Deterministic harnesses: when to use code instead of LLMs

When building agentic systems, a useful dividing line is to decide which parts of the pipeline must be deterministic and which can safely rely on statistical language models. Deterministic code excels at repeatability, auditability, and clear failure modes: classification rules, schema validations, and exact transformations are better expressed as code. Use LLMs where flexibility and fuzzy understanding are required, but avoid relying on them for decisions that must be reproducible.

Start by isolating the responsibilities that require determinism: ownership checks, encryption and decryption steps, canonical classification, and any logic that drives side effects. Implement these as small, well-tested functions. Deterministic components give you clear inputs and outputs, which makes debugging and provenance straightforward and keeps the system auditable.

Use LLMs as a complementary layer that produces candidate information, summaries, or soft labels. For example, an LLM can extract entities, propose tags, or generate a natural-language summary. Treat these outputs as suggestions: run deterministic post-processing to validate, normalize, and, when needed, fall back to code-based decisions. This hybrid approach balances flexibility with safety.

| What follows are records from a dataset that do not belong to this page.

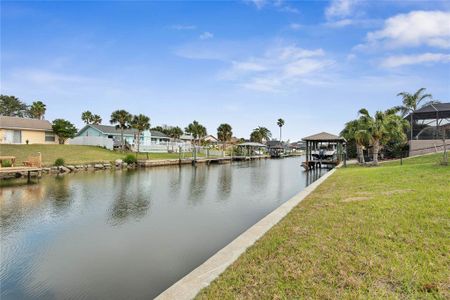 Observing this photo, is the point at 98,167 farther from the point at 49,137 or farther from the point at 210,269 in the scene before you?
the point at 210,269

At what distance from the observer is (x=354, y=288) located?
3791 millimetres

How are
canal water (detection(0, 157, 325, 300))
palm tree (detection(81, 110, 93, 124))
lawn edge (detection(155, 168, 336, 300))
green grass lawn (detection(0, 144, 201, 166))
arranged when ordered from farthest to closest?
palm tree (detection(81, 110, 93, 124)), green grass lawn (detection(0, 144, 201, 166)), canal water (detection(0, 157, 325, 300)), lawn edge (detection(155, 168, 336, 300))

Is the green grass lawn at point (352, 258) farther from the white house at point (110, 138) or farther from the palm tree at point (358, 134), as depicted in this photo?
the white house at point (110, 138)

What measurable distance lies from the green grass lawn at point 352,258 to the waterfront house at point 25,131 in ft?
145

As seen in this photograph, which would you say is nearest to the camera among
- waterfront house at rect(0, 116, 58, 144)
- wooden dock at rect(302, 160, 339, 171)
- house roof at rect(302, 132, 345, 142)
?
house roof at rect(302, 132, 345, 142)

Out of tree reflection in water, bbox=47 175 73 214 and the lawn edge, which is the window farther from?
the lawn edge

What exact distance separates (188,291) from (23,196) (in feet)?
52.8

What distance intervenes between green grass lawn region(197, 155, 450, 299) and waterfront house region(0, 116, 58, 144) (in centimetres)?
4405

Design the interface between the LLM and the deterministic harness carefully. Standardize the data shape the harness expects, and keep the LLM prompts focused on producing that shape rather than free-form text. When possible, prefer structured outputs (JSON, key-value pairs) from the model and validate them immediately with deterministic checks.

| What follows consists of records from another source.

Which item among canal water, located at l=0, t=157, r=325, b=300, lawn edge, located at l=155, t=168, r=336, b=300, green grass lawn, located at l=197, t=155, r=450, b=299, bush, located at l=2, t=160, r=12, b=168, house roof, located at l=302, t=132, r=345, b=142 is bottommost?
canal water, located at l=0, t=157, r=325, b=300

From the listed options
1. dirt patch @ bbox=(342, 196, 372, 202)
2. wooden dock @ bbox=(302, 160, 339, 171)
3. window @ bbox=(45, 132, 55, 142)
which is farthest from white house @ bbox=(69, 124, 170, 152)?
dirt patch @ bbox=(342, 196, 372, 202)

Operationally, this separation reduces drift. If the LLM’s behavior changes due to model updates or prompt tweaks, the deterministic layer prevents silent corruption of your critical state. It also confines the surface area for costly manual audits: you only need to inspect the deterministic outputs and the small boundary code rather than the entire prose produced by the model.

Finally, treat the harness as the source of truth for persisted decisions. Store the canonical, validated results coming out of the deterministic code, not the raw LLM output. Keep the raw model results as auxiliary data for debugging and retraining but do not make them the basis of permissions, billing, or irreversible side effects.

Combining deterministic code with LLMs yields systems that are both adaptable and reliable: code for the guarantees, models for the ideas. This pragmatic split lets you iterate quickly while maintaining control over the parts that matter most.